トレイルが始まる馬返しの通過は57分台。ベスト記録時よりも3分ほどの低下で済んだのは意外でした。
ここからトレイル区間が始まり、一歩一歩の負荷もかなり高まります。
いつもなら走って登る区間も、今回はあえて歩行。
もう記録は追わず、完走だけを目指して、ひたすら自分の体調と対話をしながら淡々と登り続けました。
途中緩やかな登りは軽く脚が動き、だいぶ余力が残っている実感もあり、この調子で五合目をひとまずクリアしたいな、と。
五合目の通過は1時間46分台。
自己ベストからは程遠いペースですが、単純に2倍したタイムがフィニッシュタイムになることが多い後半のコース特性から、3時間30分なら今日の体調なら十分かな、と。
五合目から先は比較的走れる傾斜であるため、通常なら割とプッシュして攻めていくのですが、ここもとにかく温存して歩き続けました。
六合目から七合目までは延々とつづく砂礫サーフェスの九十九折。
ここは例年、淡々と地面を見ながらトラクションのかかる部分を探して、無駄に消耗しないように地道に足を進める非常にタフな区間です。
正直、ランマニアが最も嫌いな区間ですが、タイムを狙うにはここは走る必要があります。
しかし、今回は絶対に体力を消耗してはいけなかったため、ここも徹底的に歩きました。
そのおかげか、この時点でもまだだいぶ脚には余裕があり、この時点でどうにか山頂まではいけるのではないかと、少し見通しが持てるようになりました。
ようやく砂礫区間が終わり、通常であれば比較的登りやすく感じる岩場区間。
ここから先は、一つの岩場を登るたびに山小屋が現れ、100m程度ですが走れる区間が存在ます。
元気な時は、このリズムが好きで、走っては登り、登っては走るを淡々と繰り返せるのですが、今回はこの区間から徐々に体に異変が起き始めました。
急な岩場ではこれまで以上に大腿部の最大筋力がものを言うのですが、登るたびに次第に脚が動かなくなっていきました。

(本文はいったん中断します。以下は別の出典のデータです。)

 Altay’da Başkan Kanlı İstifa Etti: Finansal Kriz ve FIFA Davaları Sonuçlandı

通常では感じないような脚の重さで、ちょうど発熱時にジョグをした時に全く脚が動かなった、あの感覚に似ていました。
やはりこの程度の負荷がかかってくると、感染症の影響が出始めるのだなと、徐々に完走が危ぶまれてきました。
正直、「早くやめたい」という気持ちになって来たのもこの頃でした。
八合目を過ぎると、本格的に脚が動かなくなり、山小屋区間も走ると言うより休息区間と化し、とても走れる状態ではなくなりました。
残り3.7km。
この表示からが本当に長く、自分の今の体調と残りの過酷さから登り切る自信がなくなってきましたが、もうここまできて後には引けません。

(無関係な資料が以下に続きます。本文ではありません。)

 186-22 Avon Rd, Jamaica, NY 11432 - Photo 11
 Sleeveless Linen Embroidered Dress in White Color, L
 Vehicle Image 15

とにかく無駄に力を使わず、ゆっくりでいいから登り続けることだけを意識して、いつもよりだいぶペースを落として足を進めました。
八合目区間は、いつまで登っても常に「八合目」が続くとてもしんどい区間です。
色々な八合目があり、登っても登っても「八合目」なのですね。
そして、序盤にあったような砂礫区間もここで復活します。
酸素もだいぶ薄くなってきて、脚も動かなくなってきての砂礫区間は本当にタフな区間で、ここでついに立ち止まる時間が出てきてしまいました。

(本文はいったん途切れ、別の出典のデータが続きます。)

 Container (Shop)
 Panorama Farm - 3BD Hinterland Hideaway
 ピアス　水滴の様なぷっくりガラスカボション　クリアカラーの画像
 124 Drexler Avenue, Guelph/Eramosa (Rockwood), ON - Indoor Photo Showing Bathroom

後続のランナーにも続々と抜かれ始め、メンタルも落ちてきます。
上を見ると、九合目の鳥居。そしてその上に見える最後の鳥居とフィニッシュ地点。
ここから距離にして1km前後。累積は200m程度。
普段なら駆け上がれる距離ですが、今回はもう九十九折りごとに立ち止まり、ふらふらになって朦朧としてきている意識を整えてから登らなくてはならない状態でした。
もう山頂は確認できるのに、本当に登りきれないかもしれない、と何度も思って立ち止まる有様。
その間、ラストスパートに入ったランナーたちに豪快に抜かれ続け、気持ちも続かなくなってきました。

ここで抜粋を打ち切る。